In an August 14 letter (PDF) to FDA Commissioner Margaret Hamburg, MD, NASPGHAN joined other medical societies and patient advocacy groups to share concerns about the naming of biosimilars. The groups stated that products must have distinguishable, nonproprietary names for the reasons outlined in the letter, including that a biosimilar will only be similar, not identical to the reference product, at least for the foreseeable future. As such, distinct nonproprietary names will help alert physicians that each product, while safe and effective, may differ slightly.

First Round of Physician-Industry Data Released to the Public

The Centers for Medicare and Medicaid Services (CMS) released on Sept. 30, 2014 the first round of data on consulting fees, research grants, travel reimbursements, and others gifts that medical device manufacturers and pharmaceutical companies provide to physicians and teaching hospitals. In a CMS press release announcing the program, Dr.
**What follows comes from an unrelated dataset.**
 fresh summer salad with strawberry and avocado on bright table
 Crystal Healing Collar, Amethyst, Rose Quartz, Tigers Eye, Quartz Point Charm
Shantanu Agrawal, director of the Center for Program Integrity at CMS, said "Using this new data, it is now possible to conduct a wide range of analyses of payments made by drug and device manufacturers.”

Passed as part of the Affordable Care Act, the “Physicians Payments Sunshine Act,” now known as “Open Payments,” requires that certain manufacturers and group purchasing organizations (GPOs) report to CMS information about payments or other transfers of value they’ve made to physicians or teaching hospitals.

As noted in the press release, about 40 percent of the published records are de-identified. This is because a manufacturer had attested that the payment had been made but CMS was unable to match the physician information or the record was not available for review and dispute. This data will be fully identifiable in 2015 after the reporting entity submits corrected data, and physicians and teaching hospitals have a chance to review and dispute. In addition, data that were disputed and not resolved by the end of the September 11 review period were not published and will be updated at a later date.

According to CMS, the published data contains 4.4 million payments valued at nearly $3.5 billion attributable to 546,000 individual physicians and almost 1,360 teaching hospitals.

CMS estimates that about 9,000 records were not published due to disputes that weren't settled by the end of the review and dispute period (September 11). Because only 26,000 physicians and 400 teaching hospitals registered in the Open Payments system to review payments attributed to them, questions around the accuracy of the rest of the data could surface once more physicians log into the system to view data attributed to them. Physicians still can initiate disputes of 2013 data until December 31. However, these disputes will not be flagged in the public database until 2015. The next published report will include payment data for all of 2014 and will be published in June 2015.